Of course, this simplification of trading is partly due to the rise of mobile phones. Our phones keep track of everything from our finances to our schedules, so it only makes sense that we can manage our stock trading from there.
However, only the younger generations are notably getting involved with this simplified trading. Older generations are still sticking with their traditional trading methods, at least according to Adam Nasil, head analyst at Broker Chooser.
Nasil finds that while older brokers such as Charles Schwab have much more senior and wealthier clients working with them, Millenials and younger generations are shifting to platforms like Robinhood due to their accessibility.
Working with Charles Schwab might consist of speaking with various trading experts and paying them to organize and manage one’s portfolio. Younger generations may struggle to afford such services, leading them to stick with free platforms like Robinhood. Nasil and his firm note this discrepancy with a few key statistics.
The average account size on Robinhood is only $4,000. An average Charles Schwab account size is closer to $245,000. These numbers correlate with average age groups as well. The average Robinhood trader is around 31 years, while 50-year-olds are the norm with Charles Schwab.
“Newcomer brokers usually have a significantly bigger customer base than some established brokers. Robinhood has around 23 million users, while Webull has more than 7 million users. Interactive Brokers and most European brokers have less than 2 million users,” Nasil adds.
In a move to capture the younger audience, Interactive Brokers, a company focusing on older professional customers, has launched a mobile application. Interactive Brokers currently serves an average age group of 42 with an account size of around $223,000.
Now, it’s easy to say that mobile access is the main reason for younger traders getting into trading, and that’s true in part. But it’s also worth noting the options available on these applications. Most notably, platforms like Robinhood might be attracting younger investors due to crypto accessibility.
Right now, anyone can create a Robinhood account and start trading crypto with a minimal investment. While more serious traders might eventually move away from Robinhood to a crypto-focused exchange over time, there’s no denying that mobile services serve as a gateway to more significant trading.
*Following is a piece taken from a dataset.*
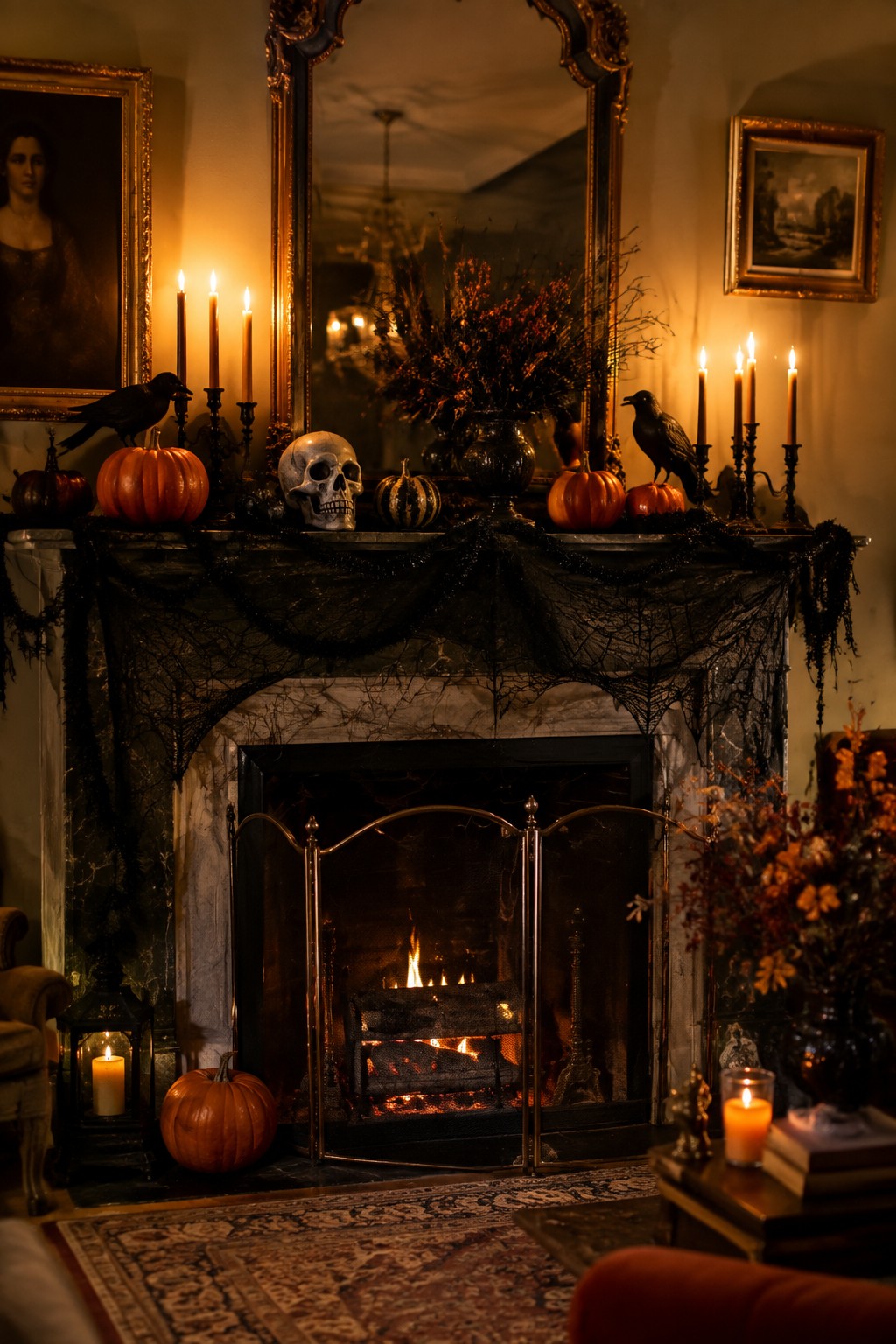 Elegant fireplace with burning fire, pumpkins, skull, black crows, and candles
Nasil notes that while 59% of retail investors in the US are focused on trading stocks, 9% of traders are primarily focusing on crypto as of 2021. In 2020, the number of crypto-focused users was only 4%.
“The competition of stock and crypto trading is also getting more intense not just between brokers, but between brokers and crypto exchanges,” Nasil notes.
“Brokers started widening their crypto offering, e.g. Robinhood launched its beta version of a crypto wallet, while crypto exchanges also plan to offer real stock trading. Interactive Brokers’ launch of IBKR GlobalTrading App also highlights this trend as US customers can trade spot crypto on this new app.”
This isn’t to mention that mobile platforms such as Robinhood tend to ‘gamify’ the trading experience. For example, the app provides a video game-like ‘success’ screen when making one’s first trade or will give home screen prominence to volatile, popular stocks as if they’re winning some sort of competition.
Whether or not the gamification of trading is morally corrupt is up to the user, but we cannot deny the method’s success. It tends to lighten the often daunting trading experience, which can appeal to younger traders who are still learning the ins and outs of money.